#### PROBLEM TO WORK ON:
A verbatim printing of the entries that follow is needed; pictures must not appear in it.

#### DATA EXCERPTS:
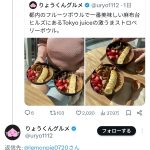 レス1番のサムネイル画像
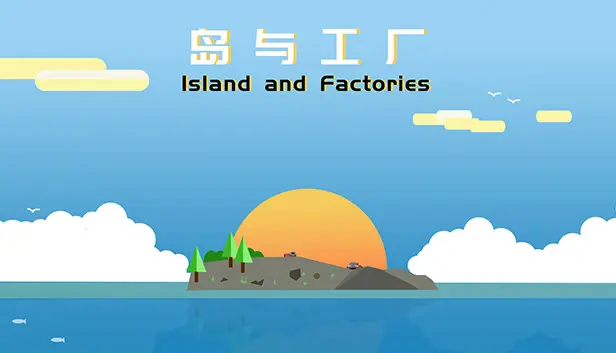 岛与工厂 Island And Factories
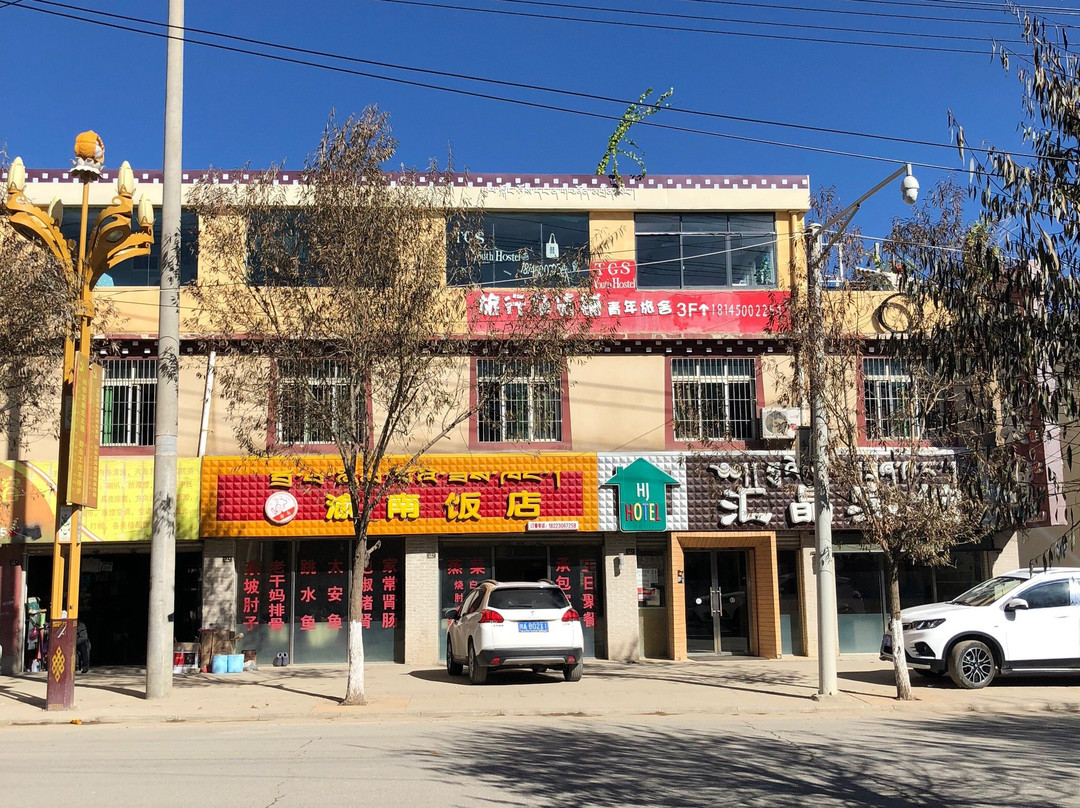 旅行杂货铺青年旅舍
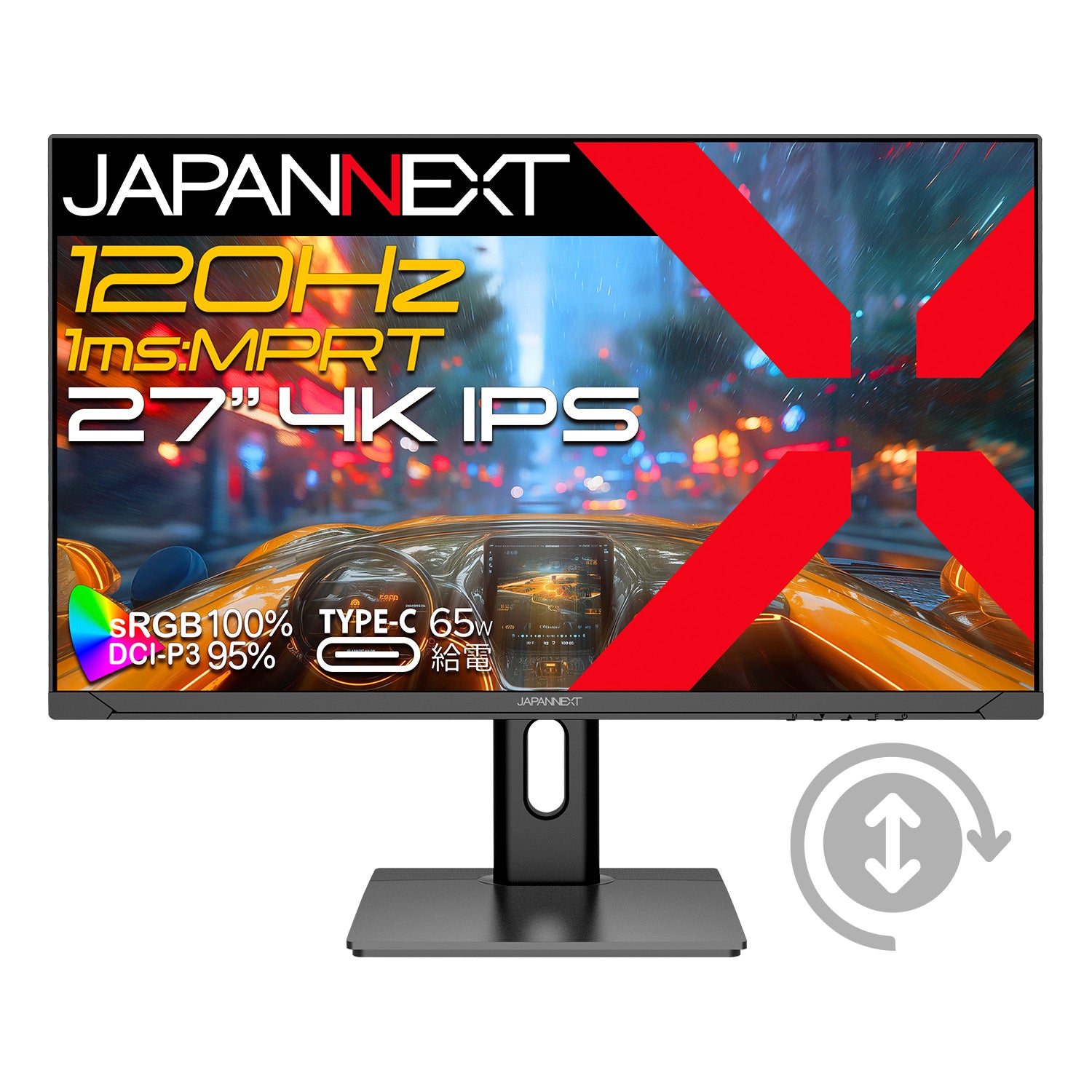 JAPANNEXT 27インチ IPSパネル搭載 120Hz/1ms(MPRT)対応 4K(3840x2160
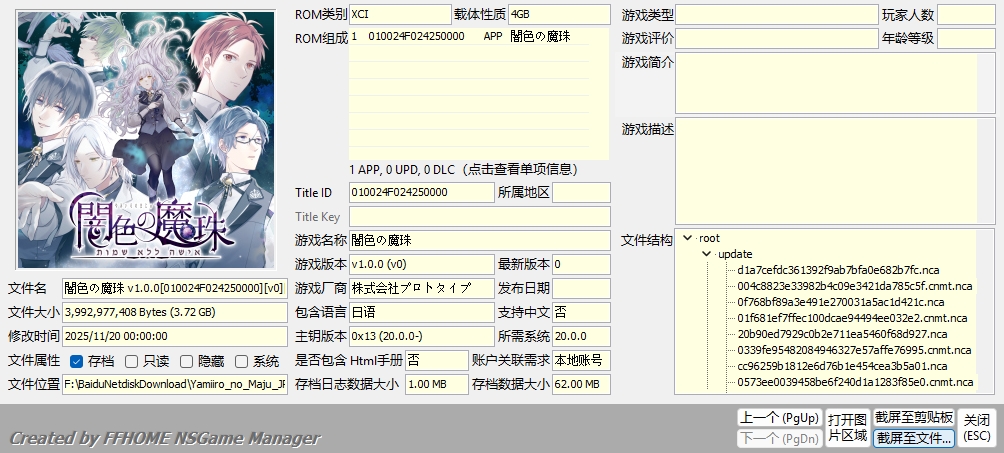 [XCZ] [天翼]暗色的魔珠 闇色の魔珠 日版 Yamiiro no Maju 1.0.0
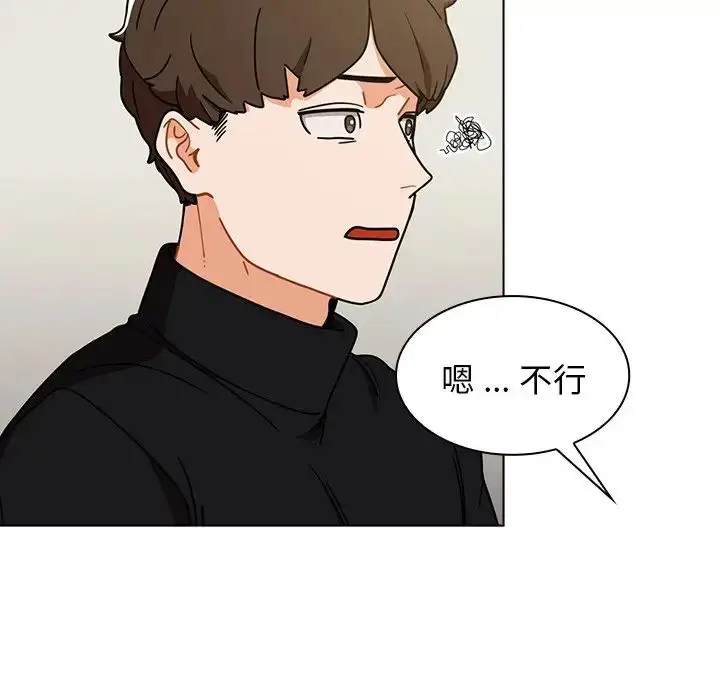 漫画《组长的小秘密》第4话第61张图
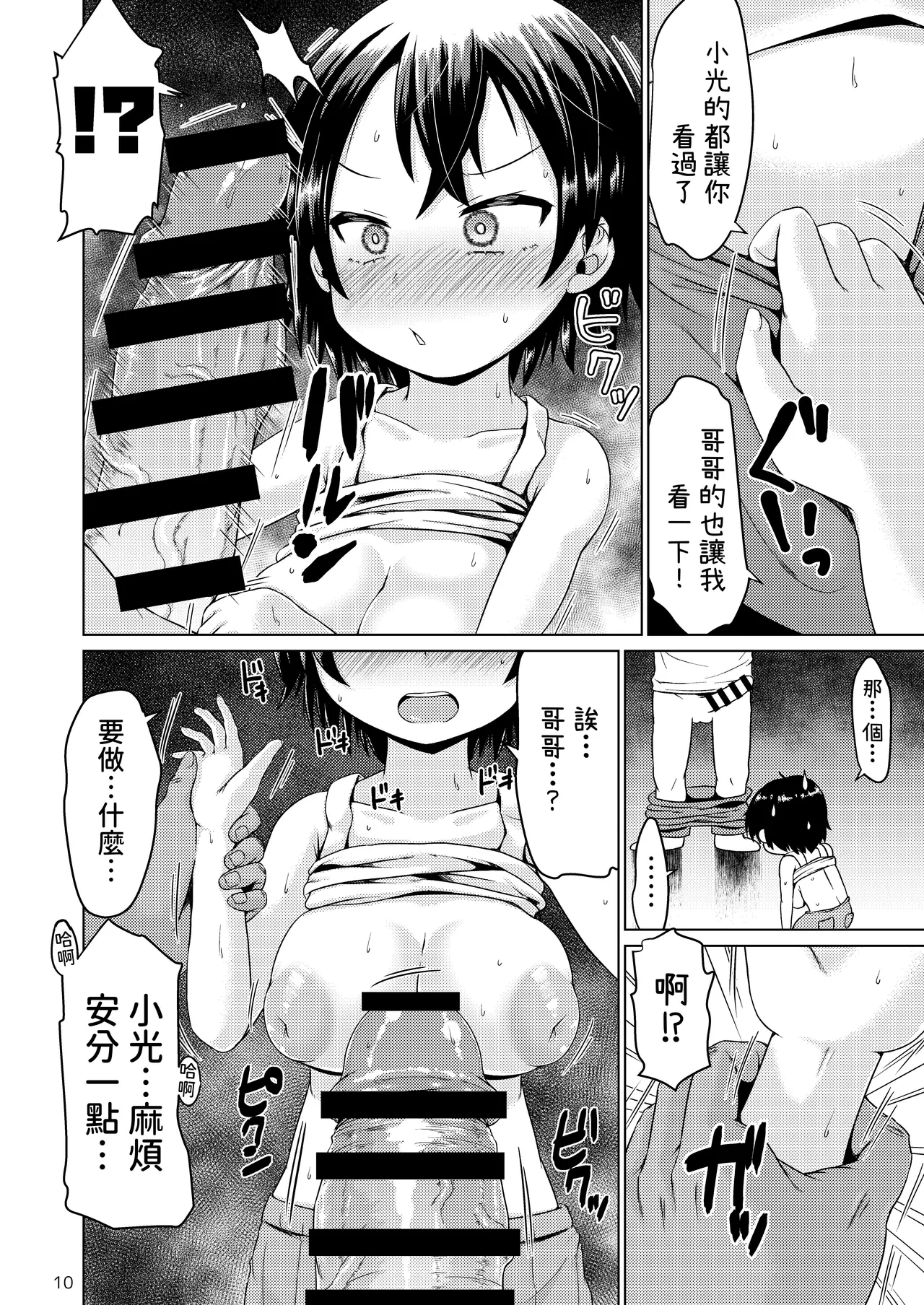 หน้า 9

#### TASK OUTPUT:
 レス1番のサムネイル画像
 岛与工厂 Island And Factories
 旅行杂货铺青年旅舍
 JAPANNEXT 27インチ IPSパネル搭載 120Hz/1ms(MPRT)対応 4K(3840x2160
 [XCZ] [天翼]暗色的魔珠 闇色の魔珠 日版 Yamiiro no Maju 1.0.0
 漫画《组长的小秘密》第4话第61张图
 หน้า 9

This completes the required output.